TASK INSTRUCTIONS ▸ Your response should be an exact transcription of the data, images excluded.

DATA ▸

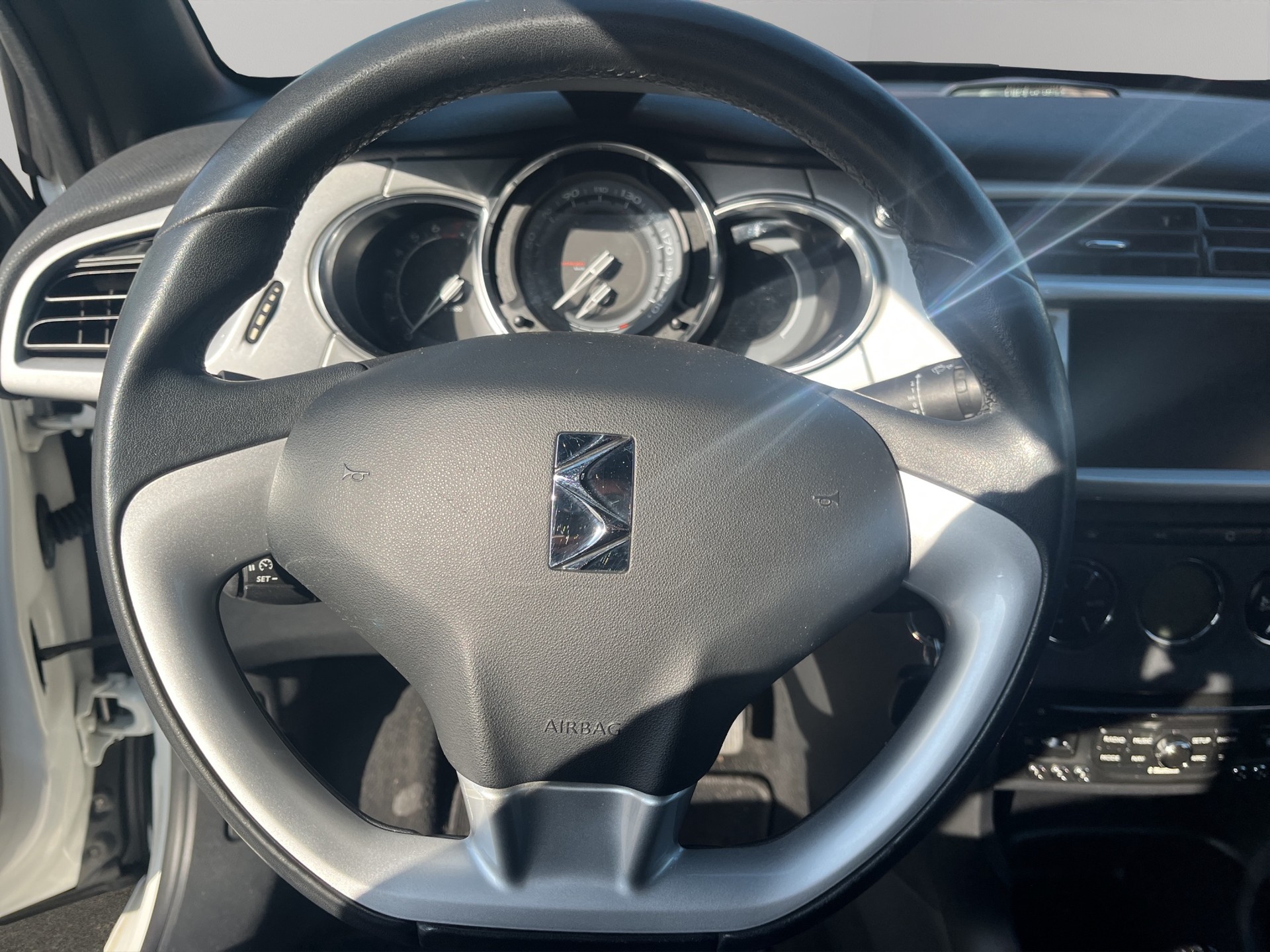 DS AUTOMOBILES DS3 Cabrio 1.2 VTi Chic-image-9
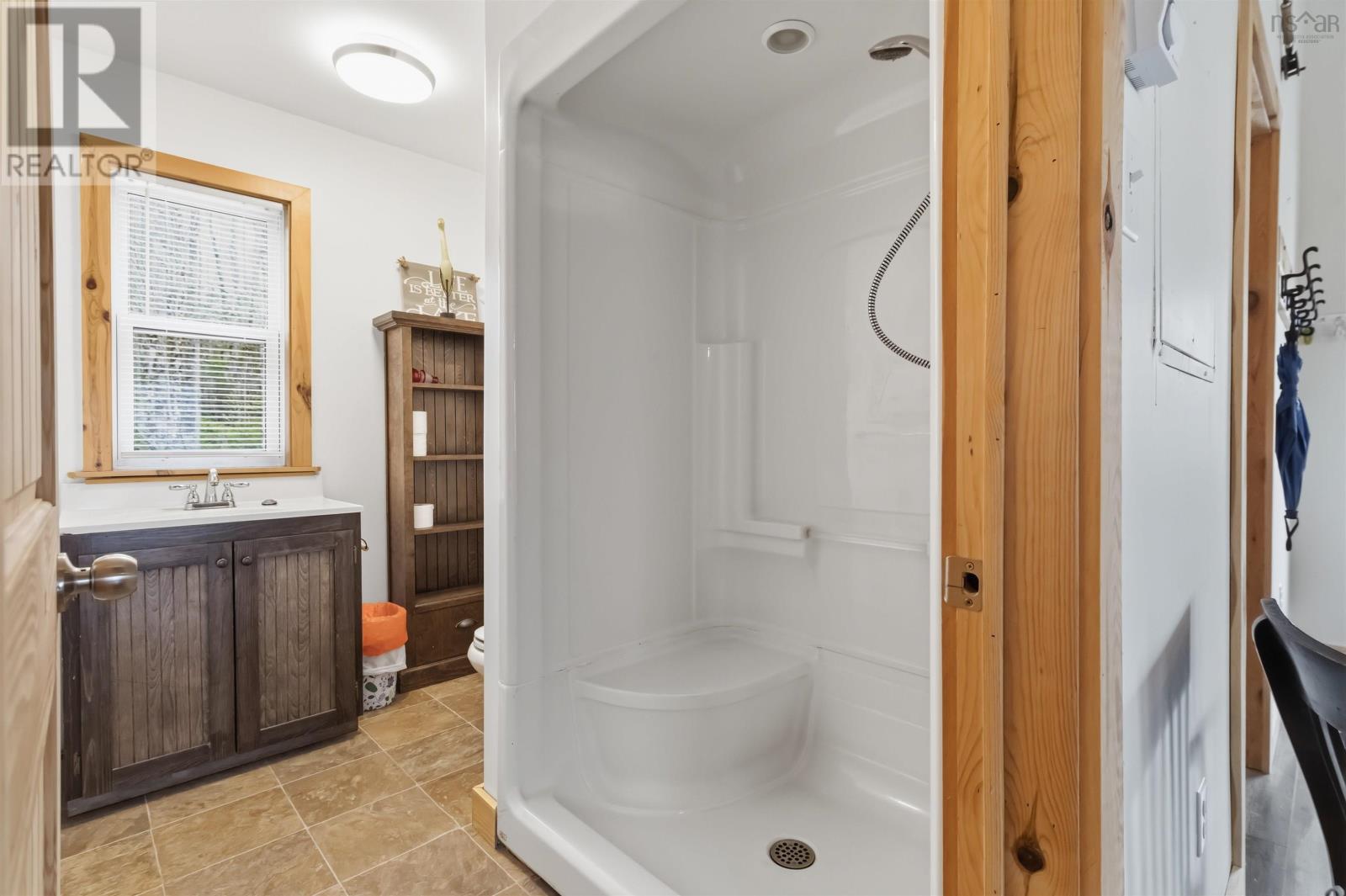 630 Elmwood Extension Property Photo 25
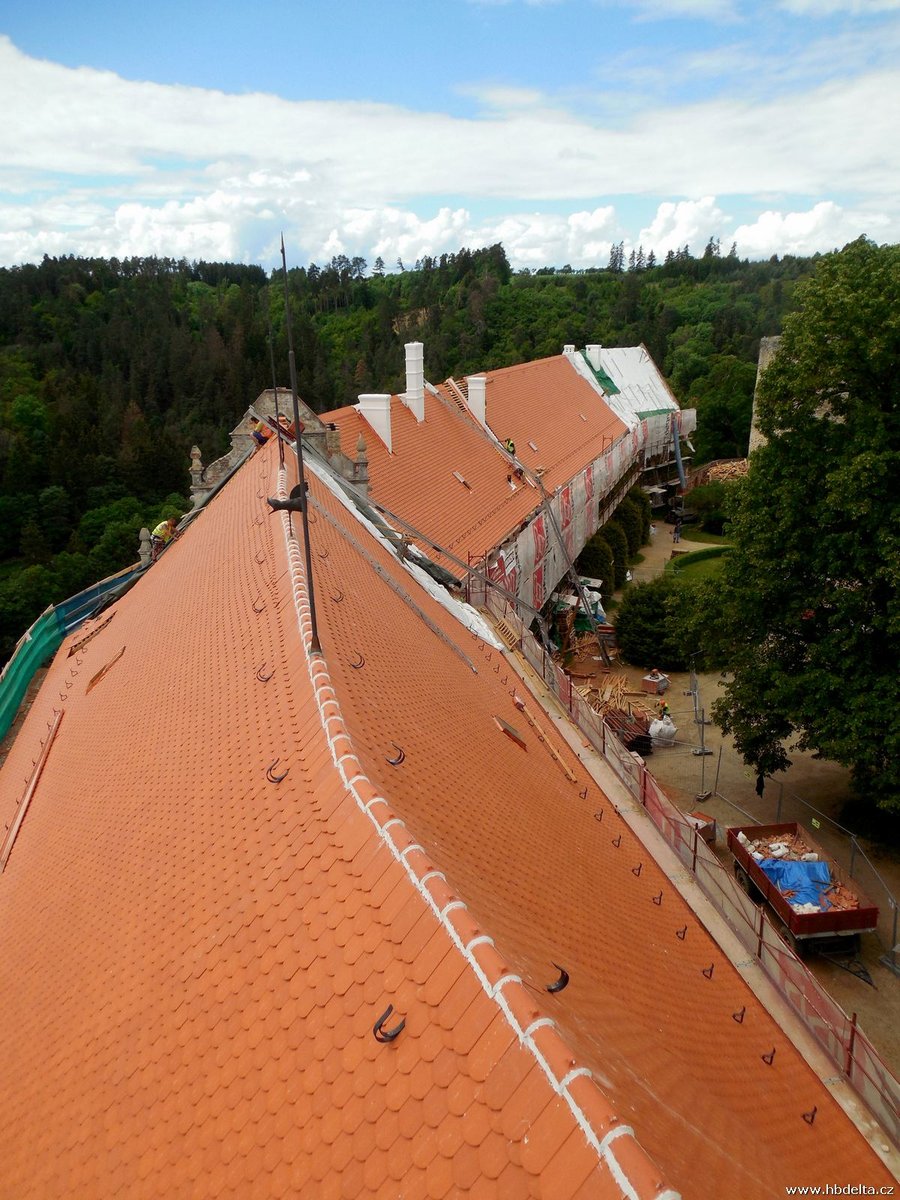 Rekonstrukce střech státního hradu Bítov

SOLVED EXERCISE ▸
 DS AUTOMOBILES DS3 Cabrio 1.2 VTi Chic-image-9
 630 Elmwood Extension Property Photo 25
 Rekonstrukce střech státního hradu Bítov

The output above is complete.